Polish-Lithuanian politician and writer (1723–1804)

Celestyn Czaplic (6 April 1723 – 23 May 1804) of the Kierdeja coat of arms was a Polish–Lithuanian szlachcic, politician, writer and a poet. Remembered for his humorous poetry and impeccable moral character, he was a deputy to numerous Sejms of the Polish–Lithuanian Commonwealth, and a marshal of the Sejm of 1766. He held the offices of podczaszy, podkomorzy, and finally, from 1773, of the Master of the Hunt of the Crown. He was the recipient of the Order of Saint Stanislaus and the Order of the White Eagle.

==Biography==
He was born on 6 April 1723 in Volhynia to the noble Czaplic family. His father Ignaczy Czaplic, was a podstoli of Kiev in the Kiev Voivodeship. He attended schools in Volhynia, and spent time at the court of the magnate and prince Antoni Lubomirski. Later, he became an ally of the Czartoryski family.

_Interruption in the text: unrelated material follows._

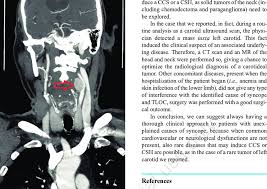 Image result for Chemodectoma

He became the podczaszy of Kiev in 1746. He was elected a deputy to the Crown Tribunal and the Sejms of 1752, 1754, 1758, 1766 and 1767–68 (the infamous Repnin Sejm). The 1766 Sejm, lasting from October 6 to November 29, was the one where he held the position of the marshal of the Sejm, and thus it was also known as the "Czaplic's Sejm". He became the podkomorzy of Łuck in the Volhynia Voivodeship in 1765; he was known there, as he served as a local judge for some time prior to receiving his new title and office. He received the Order of Saint Stanislaus in 1766 (soon after received much praise for his marshal-ship of the 1766 Sejm).

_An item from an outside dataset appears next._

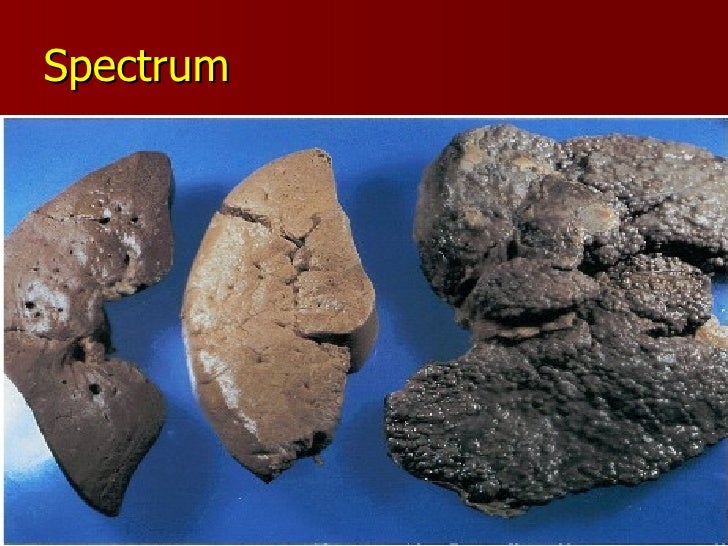 Enlarged Liver In Non Drinker Enlarged Liver In Non Drinker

In 1767 he joined the Radom Confederation. His participation in the Sejm of 1767–68, which bowed to the Russian demands, earned him condemnation from the opposition, particularly from the supporters of the Bar Confederation; despite that, he was still a popular figure, and highly considered by the king. In 1773 he received the office and title of Master of the Hunt of the Crown (łowczy koronny), which he held to 1783. Between 1778–80 he was a member of the Permanent Council. He unsuccessfully campaigned for the position of the Deputy Chancellor of the Crown. During the Great Sejm of 1788–1792 he served as a member of the Military Commission.

He also participated in the "Thursday Dinners" organized by king Stanisław August Poniatowski.

He was a knight of the Order of the White Eagle from 1775.

Friend of the dramatist Franciszek Bohomolec, he has been described as "open and friendly", "extremely jolly and witty", also well versed in sarcasm. He was interested in sciences, and had a sizable library. He was also famous among his contemporaries for his absent-mindedness, but also for his righteousness and impeccable moral character; it is said then when contemporaries at the royal court in Warsaw were considering questions of morality, they would ask themselves "What would Czaplic think of that?" This became a mildly popular proverb in Poland around the time of his life.

As a writer and poet he has authored fairy tales, idyls, and similar forms of light poetry, some of it published anonymously. He was known to improvise humorous poems and songs on the fly, which he would often perform himself, accompanying himself on a violin. He might have been the author of a popular festive song, Kurdesz nad kurdeszami, however his authorship of it is not certain.

He married Anna Drzewicka, and they had two daughters, Tekla and Teresa. He died on 23 May 1804 in Warsaw, where he spent the last decade of his life.